=== Given information ===

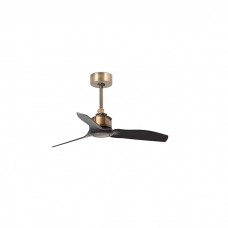 Потолочный вентилятор Faro 33429 JUST FAN XS Old gold/black fan 81cm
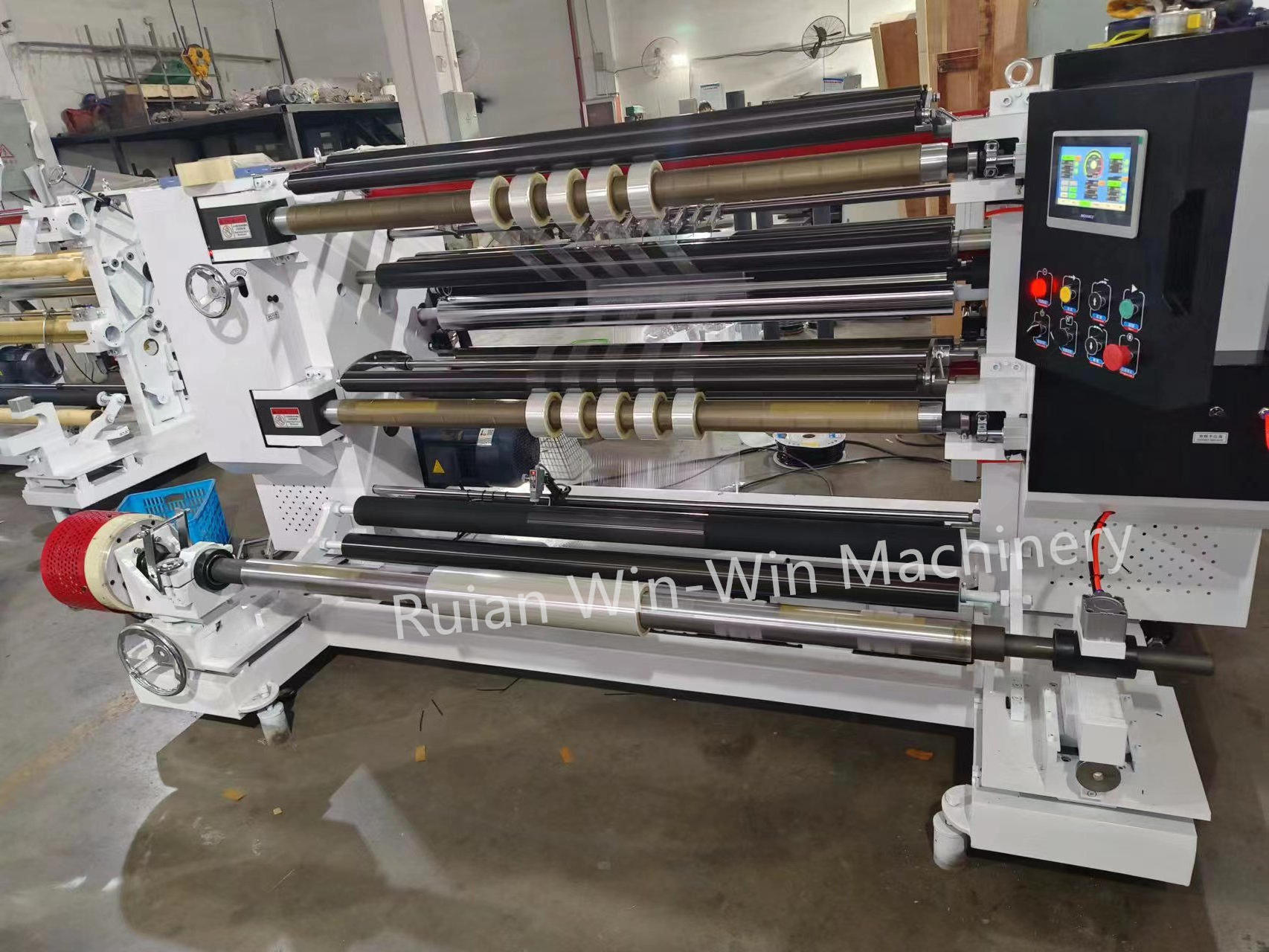 High speed paper roll plastic pe film pvc pet bopp slitting machine rewinder machine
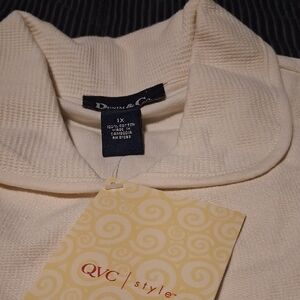Denim&Co Womens Cream Sweater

===

Your response must reproduce the listing above word for word and must contain none of its pictures.

 Потолочный вентилятор Faro 33429 JUST FAN XS Old gold/black fan 81cm
 High speed paper roll plastic pe film pvc pet bopp slitting machine rewinder machine
Denim&Co Womens Cream Sweater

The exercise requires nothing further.